» **Goal of the exercise**:
Each entry below is to be returned exactly, with any pictures left out.
==== Records for the exercise
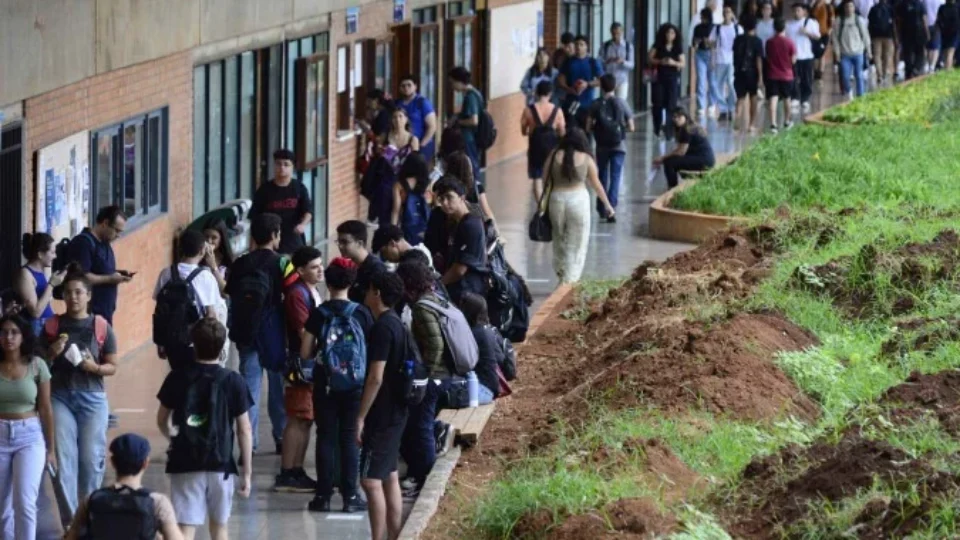 Extremistas de direita que ameaçaram estudantes da UnB suspendem ato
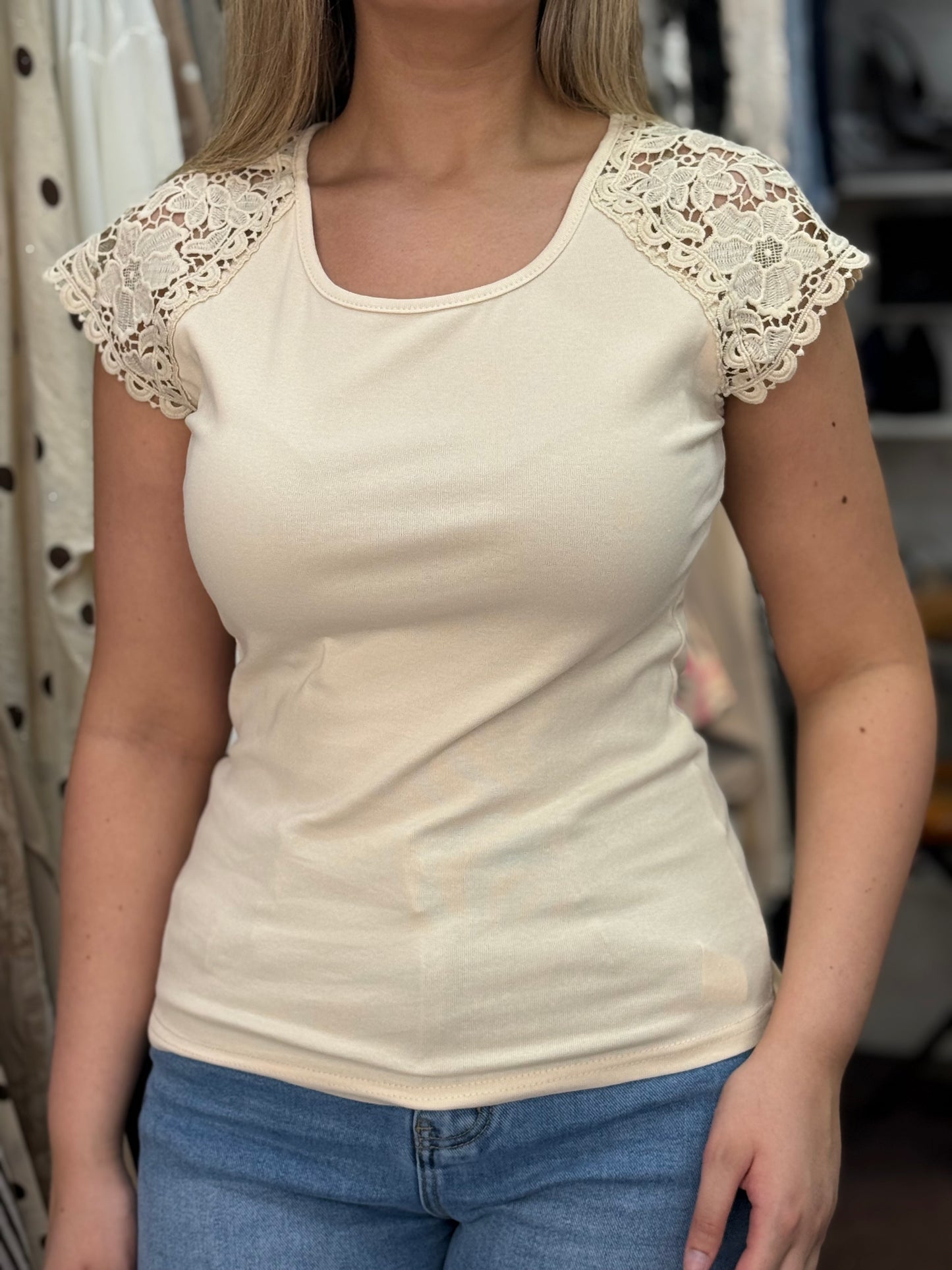 ZOEY-CROCHET V/BACK TEE TOP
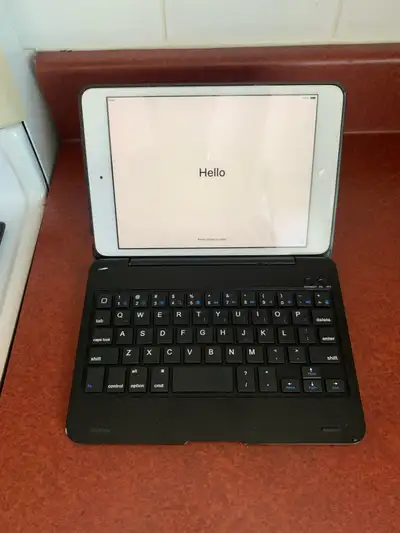 Apple iPad Mini 2 with case and keyboard, View more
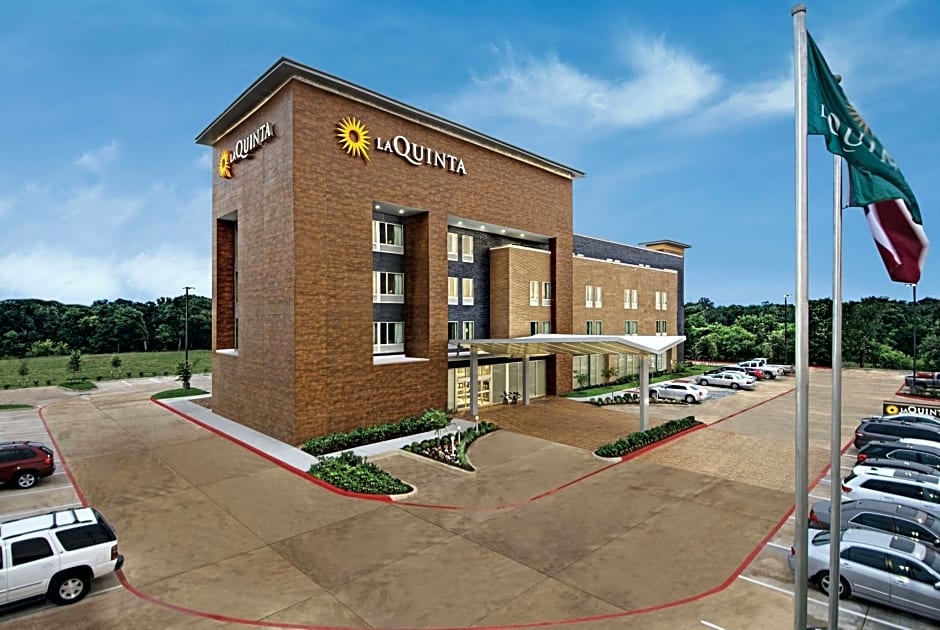 La Quinta Inn & Suites by Wyndham College Station South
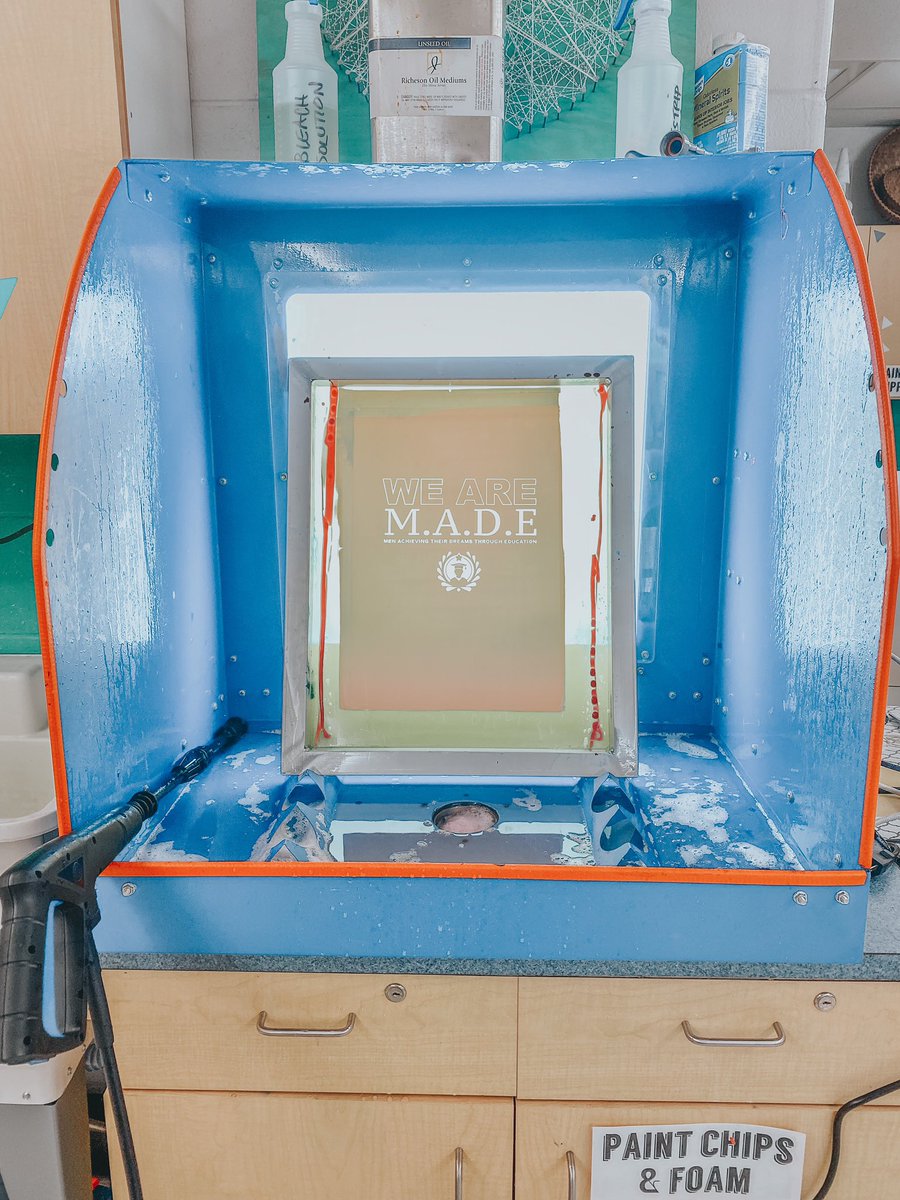 Busy day in the Print Shop 🎨 #pocoprintshop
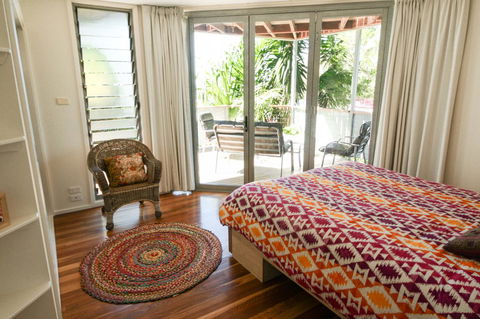 Valla's Beach House - Accommodation Gladstone 16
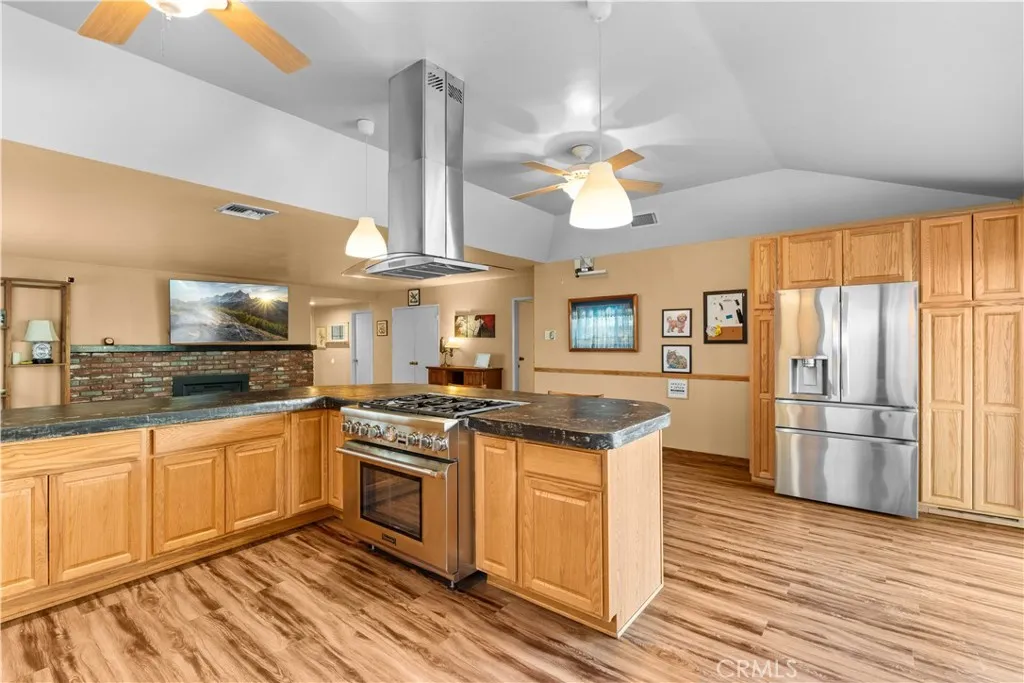 12208 Bombardier Avenue, Norwalk, California 90650 home-pic-16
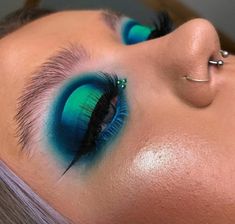 Teal Makeup Looks, Teal Eyeshadow Looks, Western Makeup Looks, Carnaval Makeup, Teal Makeup, Drag Make-up, Eye Makeup Styles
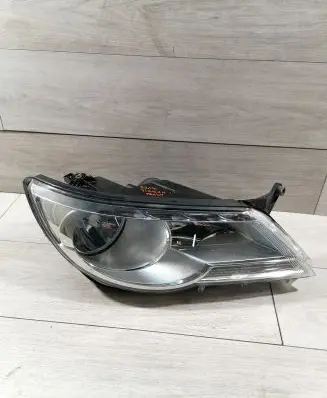 Volkswagen Tiguan Headlight/headlamp 5N1941032AB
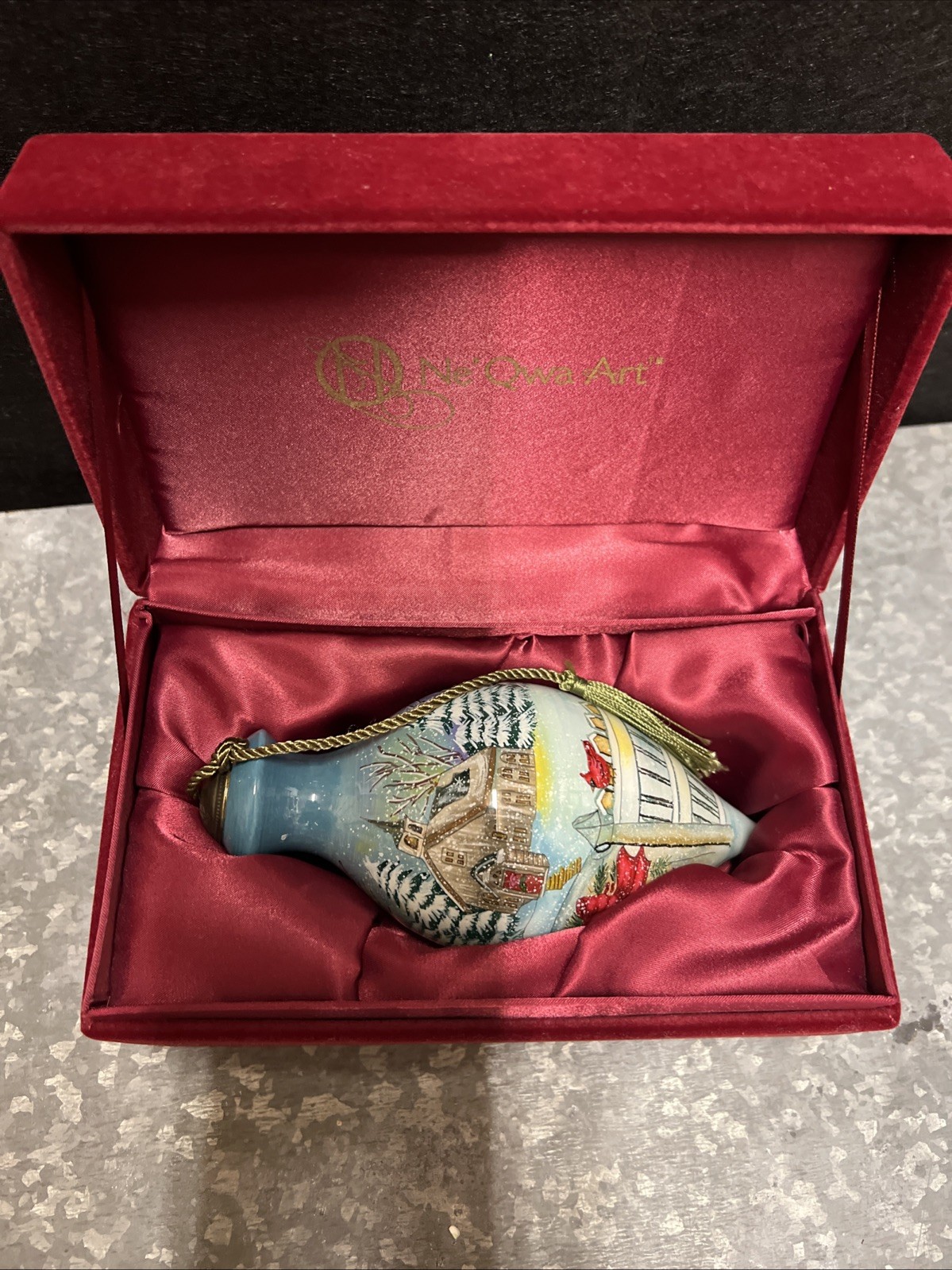 NE' QWA ART ORNAMENT IN ORIGINAL BOX SIGNED Jim Sexton Officially Authenthicated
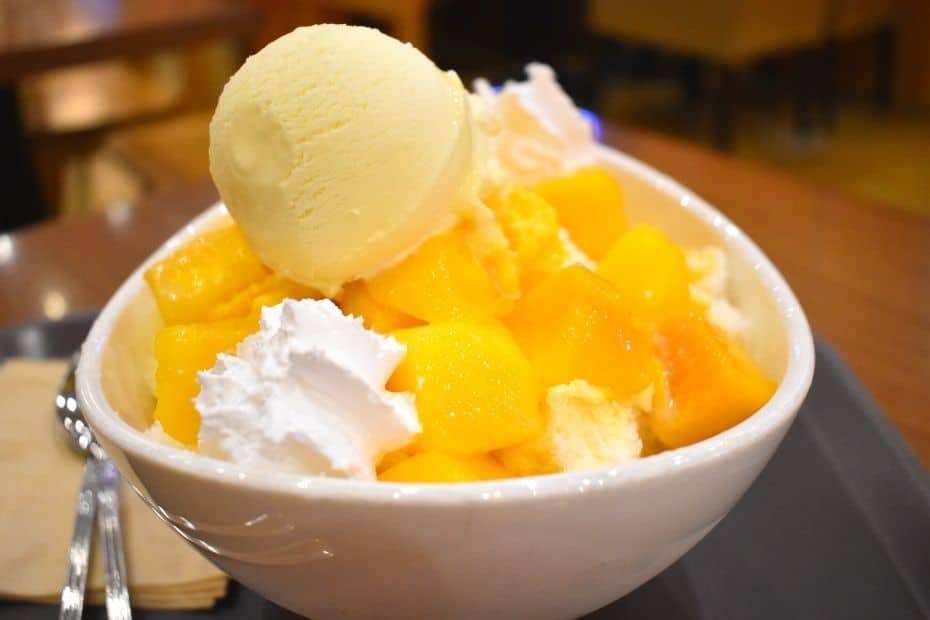 Korean mango flavoured bingsu dessert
========
» **Exercise output**:
 Extremistas de direita que ameaçaram estudantes da UnB suspendem ato
 ZOEY-CROCHET V/BACK TEE TOP
 Apple iPad Mini 2 with case and keyboard, View more
 La Quinta Inn & Suites by Wyndham College Station South
 Busy day in the Print Shop 🎨 #pocoprintshop
 Valla's Beach House - Accommodation Gladstone 16
 12208 Bombardier Avenue, Norwalk, California 90650 home-pic-16
 Teal Makeup Looks, Teal Eyeshadow Looks, Western Makeup Looks, Carnaval Makeup, Teal Makeup, Drag Make-up, Eye Makeup Styles
 Volkswagen Tiguan Headlight/headlamp 5N1941032AB
 NE' QWA ART ORNAMENT IN ORIGINAL BOX SIGNED Jim Sexton Officially Authenthicated
 Korean mango flavoured bingsu dessert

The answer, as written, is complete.